One hundred eight patients with ≥50% stenosis (North American Symptomatic Carotid Endarterectomy Trial criteria) by MDCT angiography between January 2004 and June 2006 were identified. The study group included 37 symptomatic (65.9 ± 13.0 years; 12 women; stenosis, 81.5 ± 12.2%; 17 with stroke; 15 with transient ischemic attack; 5 with amaurosis fugax) and 71 asymptomatic patients (70.5 ± 10.5 years; 28 women; stenosis, 78.8 ± 11.1%). Remodeling ratio (RR) was calculated by dividing the outer vessel circumference at the site of greatest stenosis by a normal reference-segment vessel circumference. Maximum vessel thickness (MxVT) and eccentricity index (EI) of the plaque, defined as maximal thickness/minimal thickness at the site of greatest luminal narrowing, were also determined. Data were analyzed by using an independent t test.
The RR was significantly higher in symptomatic patients (1.64 ± 0.44) than in asymptomatic patients (1.41 ± 0.5) (P = .02). There was no significant difference in MxVT in symptomatic (5.9 ± 2.1 mm) and asymptomatic patients (5.6 ± 2.4 mm) (P = .45) and no significant difference in EI (symptomatic, 4.7 ± 2.7; asymptomatic, 4.3 ± 2.2; P = .38).
In this series of subjects with significant internal carotid artery stenosis, expansive carotid remodeling was significantly greater in patients with cerebral ischemic symptoms than in asymptomatic patients. The extent of expansive remodeling may indicate underlying atherosclerotic plaque vulnerability. MDCT has a role in the evaluation of carotid artery disease beyond examining luminal stenosis.
Atherosclerotic disease of the extracranial internal carotid arteries is a common treatable cause of symptomatic cerebral vascular disease. Currently, the decision to intervene, by using surgical or endovascular techniques, is based primarily on the percent luminal narrowing of the vessel. The benefit of intervention in both symptomatic and asymptomatic patients with a high degree of carotid luminal narrowing has been previously established by large multicenter trials.1,2 At present, plaque characteristics other than the degree of luminal narrowing are not routinely considered. However, the internal composition of atherosclerotic plaque has been shown to correlate with increased risk of thromboembolic disease in multiple vascular territories.3–5 Several imaging techniques have demonstrated the ability to image the internal constituents of carotid plaque, including sonography, MR imaging, and multidetector row CT (MDCT).6–8 A method to distinguish noninvasively stable carotid atherosclerotic plaque from potentially unstable forms might improve the ability to select patients who are likely to benefit most from intervention. Plaque characterization by imaging also could potentially provide more accurate risk stratification for future cerebral ischemic events and monitor the effects of medical treatment on patients who are not operative candidates.

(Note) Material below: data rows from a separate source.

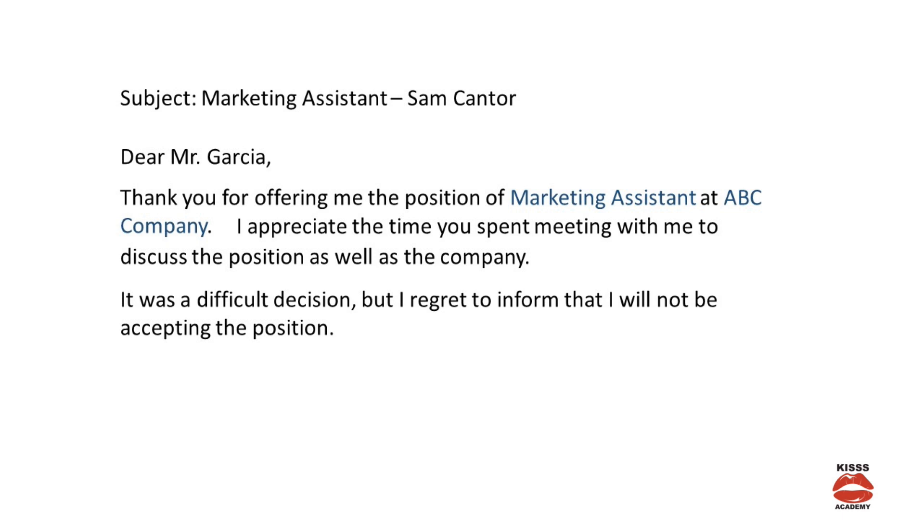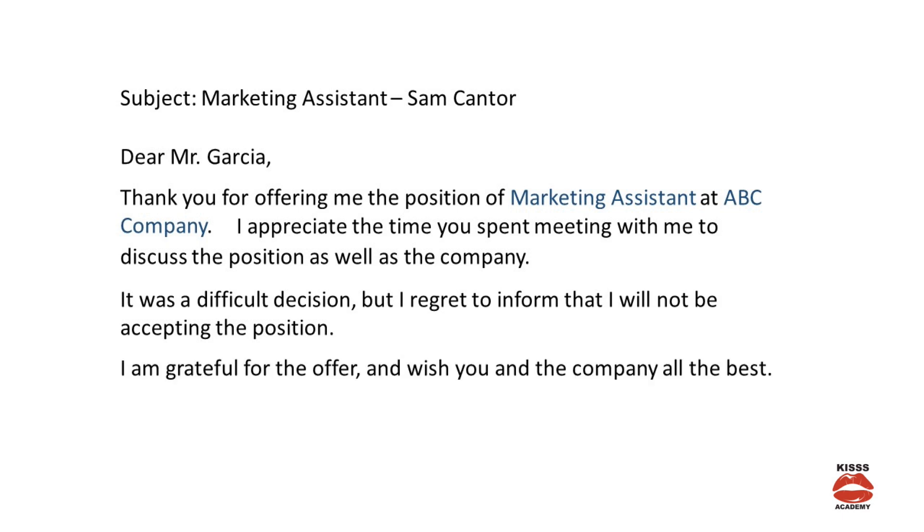Step 5 — thank them again and wish them all the best. You can use text something like: 'I am grateful for the offer and wish you and the company all the best.' Finally, finish with a professional closing such as 'Sincerely,' and then underneath include your name and your phone number.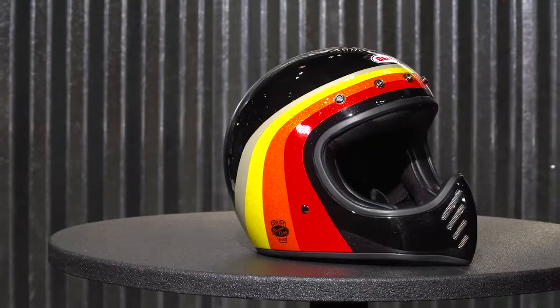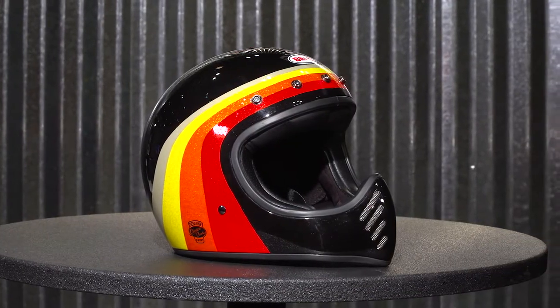Thanks, man. We're pretty excited about this one. The Moto3's been a classic amongst vintage motocross guys, chopper, bobber, cruiser — it's kind of transcended a bunch of different categories over the ages. But what we found is people didn't want to get rid of them, so they were wearing old ones that just weren't safe and were past their life expectancy. So we figured, what better way to celebrate our heritage than reintroduce it — classic styling with modern safety features inside.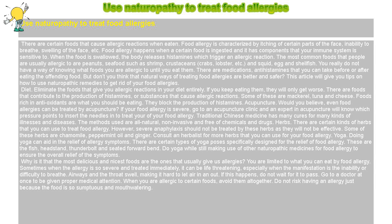Yoga. Doing yoga can aid in the relief of allergy symptoms. There are certain types of yoga poses specifically designed for the relief of food allergy. These are the fish, headstand, thunderbolt, and seated forward bend. Do yoga while still making use of other naturopathic medicines for food allergy to ensure the overall relief of the symptoms.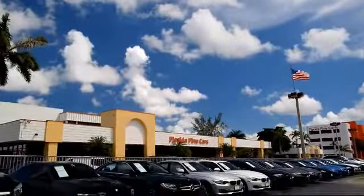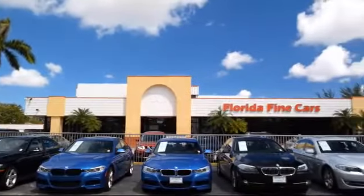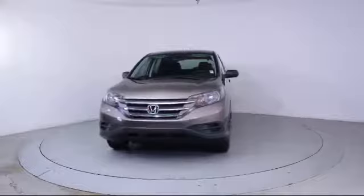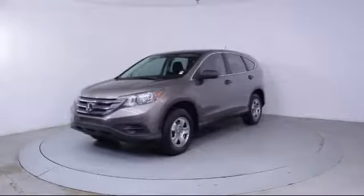Welcome to Florida Fine Cars, South Florida's premier automotive dealer. Here's a look at another one of our vehicles from our massive selection, equipped with many standard and optional features, and has less than 75,000 miles on the odometer.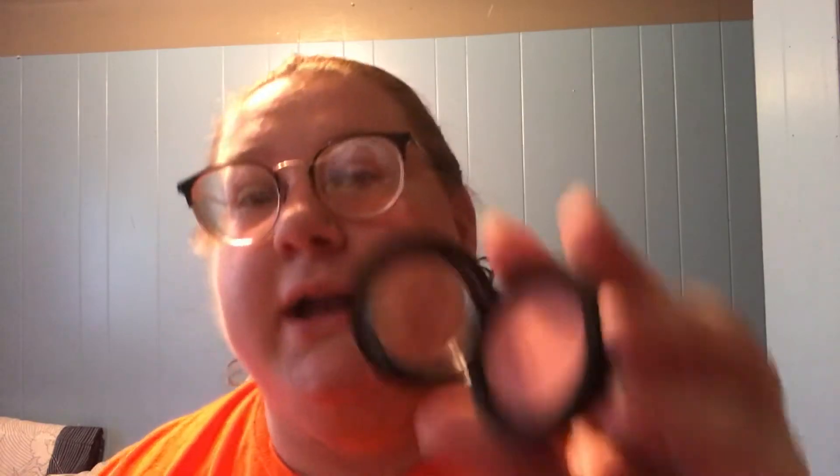Next up is the Bare Minerals Powder Blush. This one is in the shade Call My Blush. I think the way this opens is pretty cool — you have it like this, and then you open it, and then the product is right there. I'm going to do just a quick one-swipe swatch for you. So that's what that is, that's what that looks like.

Glagov et al9 initially described expansive remodeling of the vessel in response to atherosclerotic plaque formation, which is one mechanism by which luminal encroachment or stenosis is delayed during the progression of atherosclerosis. However, recent data in the coronary circulation using intravascular sonography suggest that this compensatory expansive remodeling may also contribute to underlying plaque vulnerability, making it more prone to rupture.10 To our knowledge, an association between the extent of expansive carotid artery remodeling and cerebral ischemic events has not been previously assessed by any noninvasive technique. The purpose of our study was to examine the association between carotid artery remodeling and clinical presentation in patients with significant stenosis by using MDCT angiography.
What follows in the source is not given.